お清め。

 休日に休めるなんて久しぶりのような。


 昨日,神社に電話。昭和37年なので厄払いではなく,お清めであると言われる。何か災厄があったのですか,とか言われる。
 もう何もかもダメです。


 神前に出るのだからクスリでラリっていてはいけないと思って,安定剤を飲まずに。案の定,運転が途中で怖くなる。連れに運転を代わってもらう。助手席で不安が一層高まる。事故を起こす確率はどちらが運転しても大差ないに違いないと思う。


 神社はやたらに大きい。


 七五三のピークと重なったらしい。マスコミが少子化云々と騒ぐのは,あれはウソであるようだ。訳の分からない子供がやたらにうようよしている。その一族郎党もあちこちに散在している。
 わたしは子供は嫌い。


 社務所で受付。次々順番を抜かされる。受付は早い者勝ちであるようだ。流水先を争わず。急いでいない。どうでもいい。


 娘の七五三と父親の厄払いとを一緒にやれば1回分の料金(?)で済むはずと主張しているご婦人。全然違う儀式なんだから無理に決まっている。あきらめた彼女は父の厄払いの方をやめてしまう。所詮他人でしかない。目先の5千円。


 やっと自分の受付。名前と住所と年齢。町名の漢字がどうしても分からなくなって,ぐちゃぐちゃになる。年齢については,正確には分かりません,と申告する。もともと知らないから平気。47才ぐらいのはず。

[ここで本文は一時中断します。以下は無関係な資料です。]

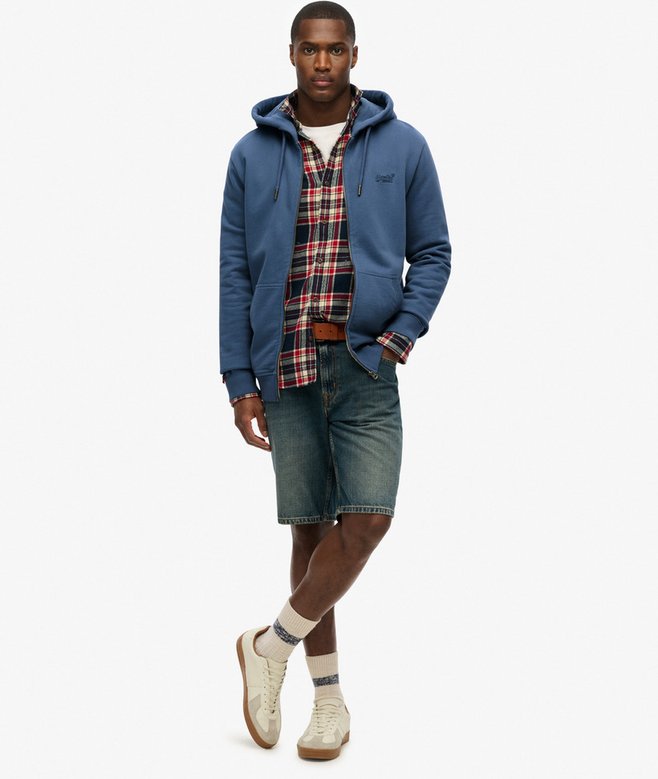 mens Essential Logo Washed Zip Hoodie in Washed Black | US
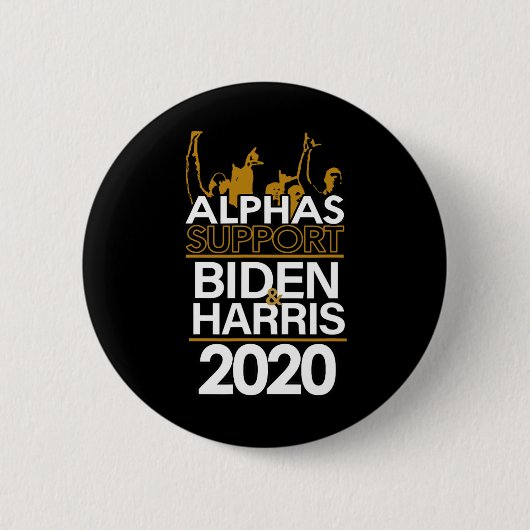 Alphas steunt Biden en Harris 2020 Presidential Ronde Button 5,7 Cm (Voorkant)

 待合いへ。子供や親や何だかやらが蝟集している。人々の顔を眺めていて,おそらくこの中で自分が最も神道一般に関する知識があるだろうと思う。こういう高慢さが自分自身をむしばんできたのだろうと思う。


 全然知らなかったのだが,ちょうど教育勅語の公布120年だという。解説のビデオを見せられて,神主さんの講話。国家権力に対する無邪気な信頼。まさか。


 耳障りの良い美しいことばは人を感激させても,だがそれ以上のものではない。無内容なことばに人は踊らされるが,だがそれは踊りでしかない。


 神主さんがわたしを呼びに来たとき,わたしの心はすでに(神道的な意味で)邪心でふくれあがっていた。


 本殿。なるほど「神道」が仏教と手を携えることでその形を作ってきたのがよく分かる。


 巫女が太鼓を鳴らす。祝詞は予習不足でことばを聞き取れない。


 巫女が舞を舞う。くるくる回る。わたしは頭の中で「宗教的儀式における舞踏」のデータベースをかき回している。データ不足。わたしは肉体に関わることへの関心が乏しい。


 とにかく今回は状況が悪すぎた。クスリを飲んでおけばもっと違ったことになっていたかもしれなかった。


 何か袋詰めになったものを渡される。いらない。フェティッシュは信じない。確認しないままそれは車のシートのポケットに突っ込み放しになっている。


 ダメだったような気がするが,それでも何かが変わってくるのかもしれない。より悪くなるのでなければおk。